Mary Henry


colored pencil 7x14

Born 1913. American constructivist / abstract painter. Studied Chicago Institute of Design 1946. Highly regarded northwest artist.

Octogenarian Mary Henry finds inspiration in "the geometry of all life, from its infinitesimally small parts to the structure of the universe." Her large, abstract paintings display a continuing vision and a distinctive voice influenced by her studies with Hungarian constructivist artist László Moholy-Nagy in 1946. Henry was first exposed to modernism at California School of Arts and Crafts, Oakland in the 1930s. While working in the Berkeley Federal Art Project, she attended a lecture by Moholy-Nagy. Seven years later, Henry enrolled at Chicago Institute of Design under his tutelage, embracing the credo of an art of abstract forms possessing universal meaning. She has pushed this idea's boundaries ever since.

Seeking clarity and order in her paintings, Henry "constructed them as I would a piece of architecture. 'Perfection of structure' might well be the words I work by," she says.

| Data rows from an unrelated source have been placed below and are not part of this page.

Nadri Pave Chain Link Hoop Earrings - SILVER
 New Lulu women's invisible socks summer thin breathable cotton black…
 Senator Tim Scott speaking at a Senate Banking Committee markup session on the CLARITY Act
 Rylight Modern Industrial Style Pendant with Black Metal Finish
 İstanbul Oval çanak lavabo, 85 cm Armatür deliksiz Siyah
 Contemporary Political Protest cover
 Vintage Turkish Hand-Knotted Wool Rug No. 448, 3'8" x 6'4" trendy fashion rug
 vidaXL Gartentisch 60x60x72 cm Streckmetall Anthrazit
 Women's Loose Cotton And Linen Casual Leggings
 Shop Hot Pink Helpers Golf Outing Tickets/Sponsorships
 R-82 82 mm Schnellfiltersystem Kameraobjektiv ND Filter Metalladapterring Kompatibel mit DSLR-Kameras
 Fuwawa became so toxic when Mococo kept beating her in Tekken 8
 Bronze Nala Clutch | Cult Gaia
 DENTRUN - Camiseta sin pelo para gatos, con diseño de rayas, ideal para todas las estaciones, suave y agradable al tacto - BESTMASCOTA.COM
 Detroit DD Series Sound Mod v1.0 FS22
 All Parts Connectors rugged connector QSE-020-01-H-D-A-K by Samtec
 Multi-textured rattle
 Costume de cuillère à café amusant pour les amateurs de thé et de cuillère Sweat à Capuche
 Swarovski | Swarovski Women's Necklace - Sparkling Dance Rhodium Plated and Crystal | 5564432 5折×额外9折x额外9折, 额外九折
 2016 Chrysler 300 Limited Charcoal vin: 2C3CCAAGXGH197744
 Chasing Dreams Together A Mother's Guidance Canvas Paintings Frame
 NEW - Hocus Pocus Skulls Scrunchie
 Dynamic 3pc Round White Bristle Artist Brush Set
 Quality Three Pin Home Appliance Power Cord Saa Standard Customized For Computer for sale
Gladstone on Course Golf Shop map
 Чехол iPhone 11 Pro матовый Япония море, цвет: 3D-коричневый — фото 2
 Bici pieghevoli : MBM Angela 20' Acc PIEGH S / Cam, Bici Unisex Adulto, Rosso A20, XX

Moving back to San Francisco, Henry juggled family life while working as a muralist, the only female member of the Sign, Scene and Pictorial Painters Union, and later a design consultant. It wasn't until she reached her fifties that Henry was able to concentrate solely on painting. Henry does not use spray equipment or masking tape. Applying her brush with great precision and eloquence, she distills the image "until its beauty of form, its contemplative spaces speak to the viewer with energy and insight."